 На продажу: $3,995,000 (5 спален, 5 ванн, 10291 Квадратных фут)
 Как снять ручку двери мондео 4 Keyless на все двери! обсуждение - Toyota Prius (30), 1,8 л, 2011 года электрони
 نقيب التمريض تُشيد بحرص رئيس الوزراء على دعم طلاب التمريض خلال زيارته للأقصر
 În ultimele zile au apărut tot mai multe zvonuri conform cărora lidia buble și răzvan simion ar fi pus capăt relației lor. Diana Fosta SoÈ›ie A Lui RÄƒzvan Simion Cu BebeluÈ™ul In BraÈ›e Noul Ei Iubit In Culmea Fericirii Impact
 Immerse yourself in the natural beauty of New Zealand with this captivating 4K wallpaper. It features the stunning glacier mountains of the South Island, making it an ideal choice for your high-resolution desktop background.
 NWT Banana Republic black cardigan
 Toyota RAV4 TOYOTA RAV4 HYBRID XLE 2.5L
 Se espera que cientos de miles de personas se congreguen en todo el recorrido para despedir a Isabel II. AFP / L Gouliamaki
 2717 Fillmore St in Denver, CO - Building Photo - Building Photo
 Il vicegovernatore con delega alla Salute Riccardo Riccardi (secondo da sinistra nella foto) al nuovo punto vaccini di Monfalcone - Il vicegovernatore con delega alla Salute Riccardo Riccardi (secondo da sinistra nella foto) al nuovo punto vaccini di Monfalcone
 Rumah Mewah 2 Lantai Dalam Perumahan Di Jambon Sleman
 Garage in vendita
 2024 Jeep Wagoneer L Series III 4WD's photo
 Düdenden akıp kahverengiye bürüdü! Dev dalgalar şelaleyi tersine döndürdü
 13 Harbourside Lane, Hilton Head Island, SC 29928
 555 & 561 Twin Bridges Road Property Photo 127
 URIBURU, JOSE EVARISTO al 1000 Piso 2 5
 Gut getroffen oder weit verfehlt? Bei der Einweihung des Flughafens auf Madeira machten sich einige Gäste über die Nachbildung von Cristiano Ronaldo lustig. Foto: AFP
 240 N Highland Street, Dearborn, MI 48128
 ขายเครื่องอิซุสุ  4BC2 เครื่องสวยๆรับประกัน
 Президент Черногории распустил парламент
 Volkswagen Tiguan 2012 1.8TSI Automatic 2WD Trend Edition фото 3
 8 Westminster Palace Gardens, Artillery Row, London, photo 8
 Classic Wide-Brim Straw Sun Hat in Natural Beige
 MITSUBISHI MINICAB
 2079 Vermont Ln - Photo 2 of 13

**Task goal:** The line above containing "Monfalcone - Il", the line containing "URIBURU, JOSE EVARISTO al 1000 Piso 2 5", and every line between them are to be transcribed exactly; no other line is wanted.

**Task output:**
 Il vicegovernatore con delega alla Salute Riccardo Riccardi (secondo da sinistra nella foto) al nuovo punto vaccini di Monfalcone - Il vicegovernatore con delega alla Salute Riccardo Riccardi (secondo da sinistra nella foto) al nuovo punto vaccini di Monfalcone
 Rumah Mewah 2 Lantai Dalam Perumahan Di Jambon Sleman
 Garage in vendita
 2024 Jeep Wagoneer L Series III 4WD's photo
 Düdenden akıp kahverengiye bürüdü! Dev dalgalar şelaleyi tersine döndürdü
 13 Harbourside Lane, Hilton Head Island, SC 29928
 555 & 561 Twin Bridges Road Property Photo 127
 URIBURU, JOSE EVARISTO al 1000 Piso 2 5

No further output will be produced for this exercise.